Olfactory retraining (also called smell training) is a structured, repeated exposure therapy designed to help recover or improve the sense of smell after damage to the olfactory system. It is commonly used for people with post-viral olfactory dysfunction (including after COVID-19), post-traumatic smell loss, or other causes of hyposmia or anosmia. The goal is to stimulate olfactory receptor neurons and central olfactory pathways to promote recovery, neuroplasticity, and improved odor identification and discrimination.

How it works

• Repeated exposure: The person inhales selected odors deliberately and repeatedly, typically twice daily. Regular, mindful sniffing provides consistent sensory input to the olfactory system.

• Variety of odors: Traditional protocols use a set of four distinct odors representing different odor categories—usually floral, fruity, aromatic (e.g., spices), and resinous/woody. Common choices are rose, lemon, clove, and eucalyptus. Modern adaptations may use more odors or rotate scents every few weeks.

• Duration and technique: Each odor is sniffed gently for about 10–20 seconds, with short pauses between scents, totaling roughly 20–30 minutes per session (often split into two 5–10 minute sessions daily). The person should focus attention on the scent and try to recall or imagine its qualities.

• Timeframe: Benefits are gradual.

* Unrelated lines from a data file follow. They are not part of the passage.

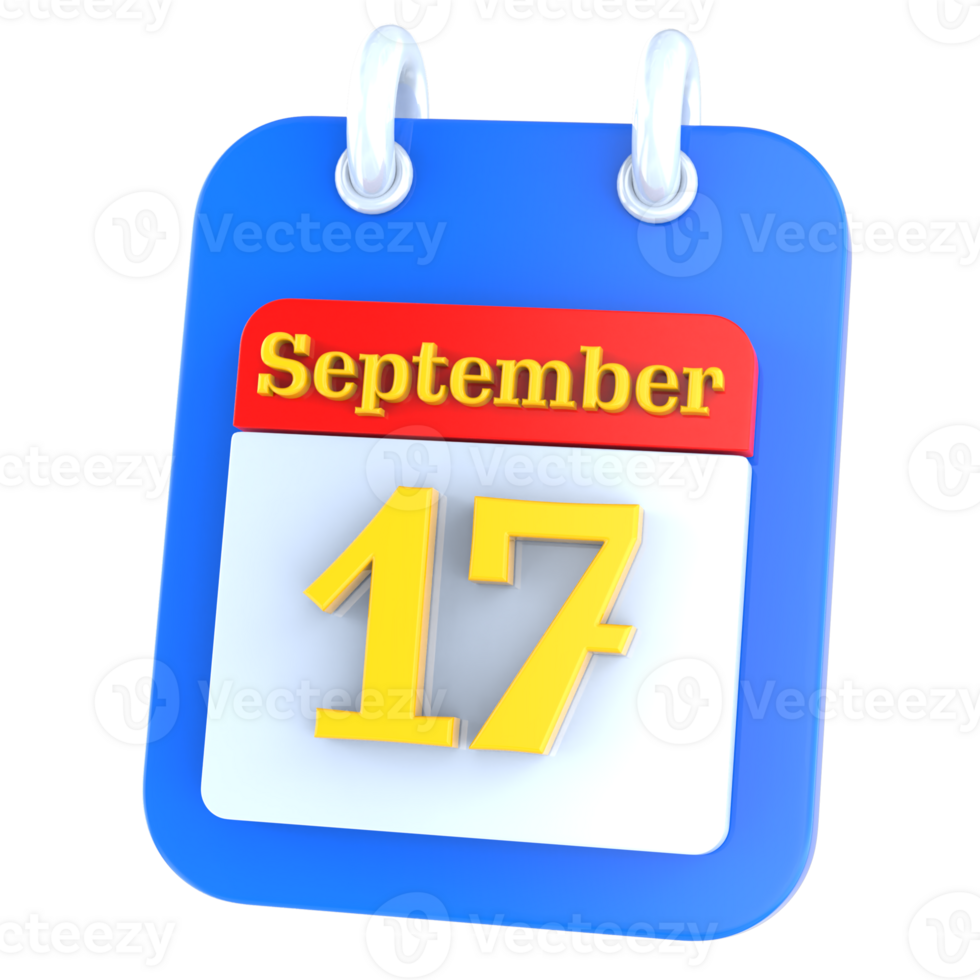 icon calendar 3D Rendering png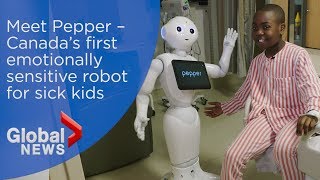 Meet Pepper – Canada's first talking, dancing, emotionally sensitive robot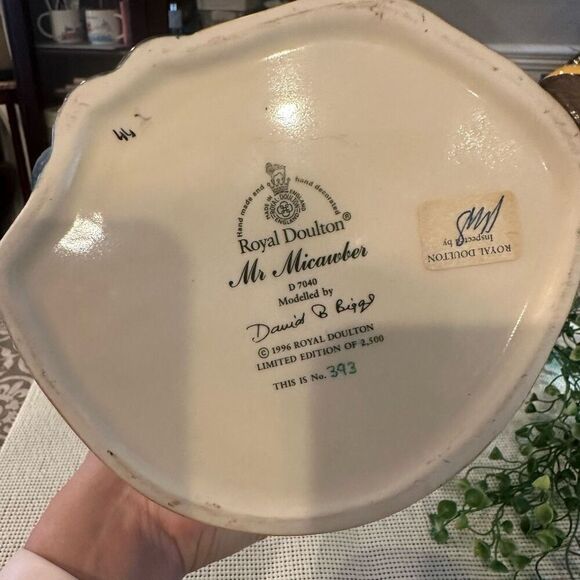 Royal Doulton Mr Micawber 1996 Limited Edition Mug Vintage Rare #393/2500 - Picture 7 of 8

Many people see measurable improvement after 8–12 weeks, with continued gains over 6–12 months in some cases. Long-term practice may be needed.

Proposed mechanisms

• Peripheral regeneration: Repeated stimulation may support regeneration and maturation of olfactory receptor neurons in the nasal epithelium.

• Central nervous system plasticity: Regular olfactory input and active attention can encourage reorganization and strengthening of olfactory pathways and cortical odor-processing areas.

• Cognitive/attentional effects: Focusing on smells and attempting to identify them may improve perceptual sensitivity and recall, reducing anosmia-related distortions like parosmia.

Evidence and effectiveness

• Clinical studies show modest but consistent improvements in olfactory function (measured by odor threshold, discrimination, and identification tests) compared with no-treatment controls.

• Greater benefit is often reported when retraining is started earlier after onset and when practiced consistently.

• Effect size varies by cause of smell loss, age, and duration before treatment; people with long-standing or severe damage may see less recovery.

• Olfactory retraining is low-risk, noninvasive, and inexpensive, so it is widely recommended even where benefits are uncertain.

Practical steps to start

1. Choose a set of distinct, familiar odors (commercial smell kits exist, or use household items such as lemon, rose-scented product, clove, and eucalyptus/menthol).

2. Twice daily, in a quiet environment, take 10–20 seconds to inhale each scent gently while paying attention to its qualities; rest briefly between scents.

3. Maintain a simple diary noting perceived intensity, identification, and any changes (this helps track progress).

4. Continue the program for at least 12 weeks; consider extending to 6–12 months if gradual improvement occurs.

Safety and contraindications

• Generally safe. Avoid sniffing substances that are irritating, toxic, or allergenic.

• Do not inhale strong chemical fumes; use only safe, food-grade or commercially prepared odorants.